Da die Bevölkerung ihre Wut über die Verhaftungen kundtat und somit Druck auf die Regierung aufgebaut wurde, wurden die Gefangenen wieder freigelassen. Auch von Seiten der Kirche gibt es Proteste. Sie fordern die Bevölkerung auf, sich aus Protest Sonntags rot zu kleiden.

Wirtschaftskrise vor Wahlen im Dezember

Ghana kämpft zurzeit mit einem wirtschaftlichen Abschwung und erholt sich noch von der Finanzkrise 2022, die zum Zahlungsausfall bei Auslandsschulden führte. Ein 3-Milliarden-Dollar-Kredit des Internationalen Währungsfonds (IWF) aus dem Januar 2024 hat zwar erste Anzeichen einer Erholung ermöglicht, wie ein Wirtschaftswachstum von 6,9 % im zweiten Quartal 2024 und ein Rückgang der Inflation auf 20,4 % im August zeigen.

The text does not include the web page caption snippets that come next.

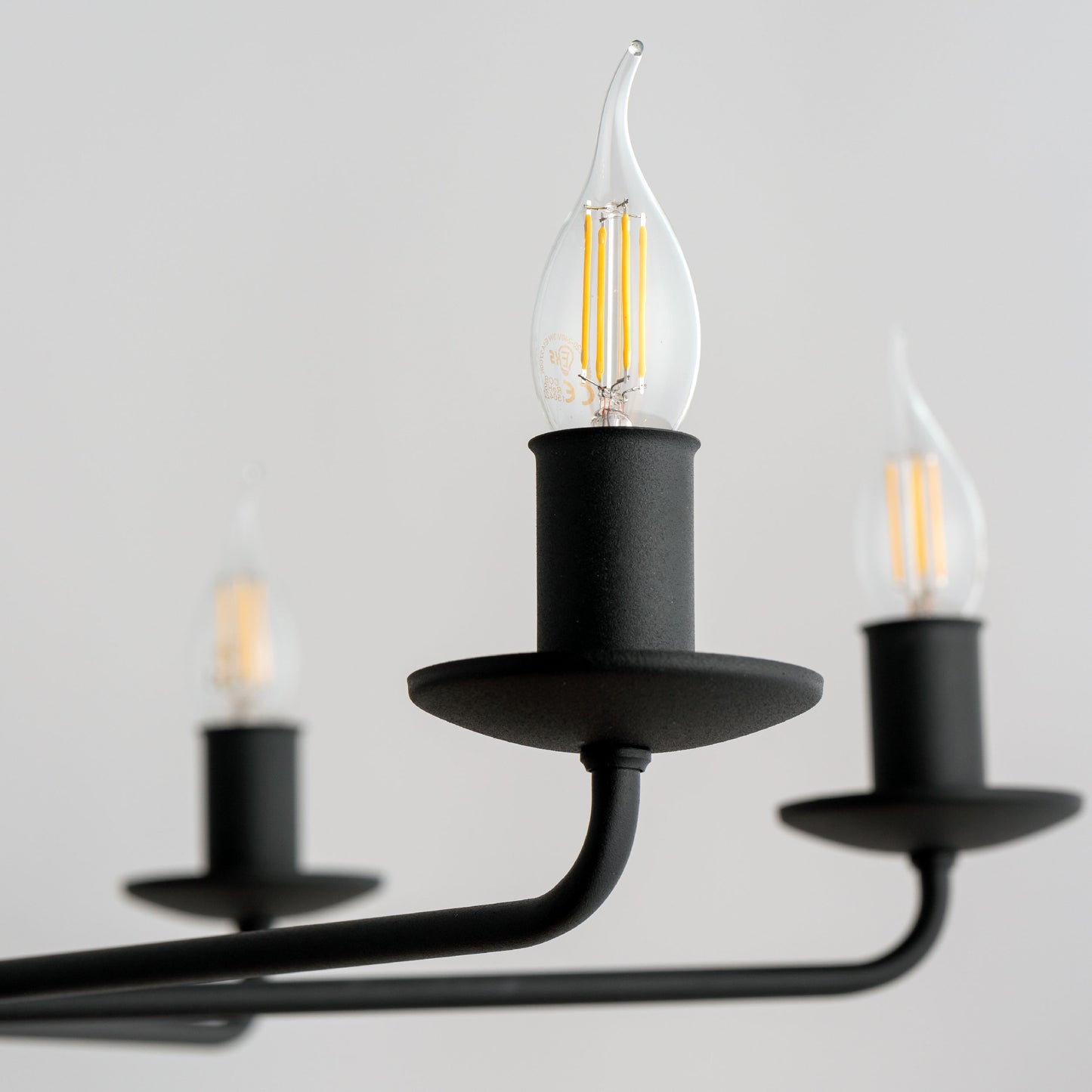 Suspension bougie vintage noire LIMAL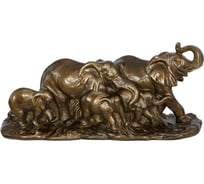 Статуэтка BOGACHO Слоники Счастливая семья 22535/бронзовый
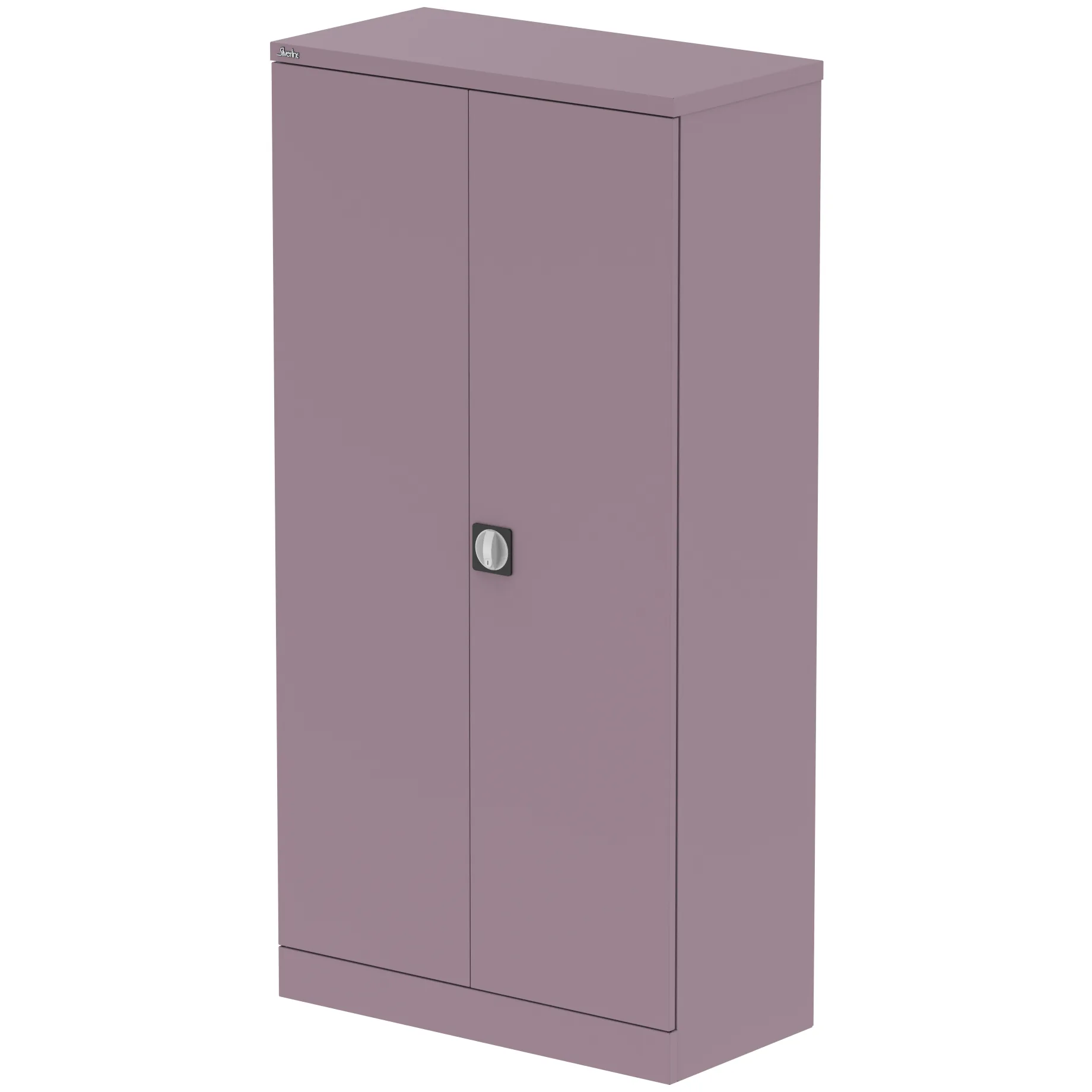Qube Steel 2-Door Stationery Office Cupboard with Shelves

In der Vergangenheit wurde Ghana jedoch bereits durch IWF-Kredite zu Anpassungsprogrammen, die Sparmaßnahmen und den Abbau sozialer Leistungen beinhalteten, gezwungen. In den 1980er Jahren zwang ein IWF-Programm das Land, öffentliche Ausgaben drastisch zu kürzen, was zur Privatisierung von Schlüsselindustrien und zu einer Vernachlässigung der Infrastrukturentwicklung führte.

Die langfristigen Folgen waren eine verstärkte Abhängigkeit von Rohstoffexporten und eine geringere Widerstandsfähigkeit gegenüber globalen Wirtschaftskrisen. Dadurch haben es ausländische Konzerne wiederum einfacher, sich auf diesem Markt auszubreiten. Auch die aktuellen Kredite sind mit dem Zwang zu drastischen Sparmaßnahmen verbunden.

Die kürzlichen Unruhen treten also auf, während sich Ghana auf eine entscheidende Wahl im Dezember vorbereitet, bei der die Wirtschaft voraussichtlich das zentrale Thema des Wahlkampfs sein wird. Vizepräsident Mahamudu Bawumia (NPP) tritt bei den Wahlen gegen Ex-Präsident John Mahama (NDC) an, in einem voraussichtlich knappen Rennen. Präsident Nana Akufo-Addo (NPP) scheidet nach zwei Amtszeiten aus.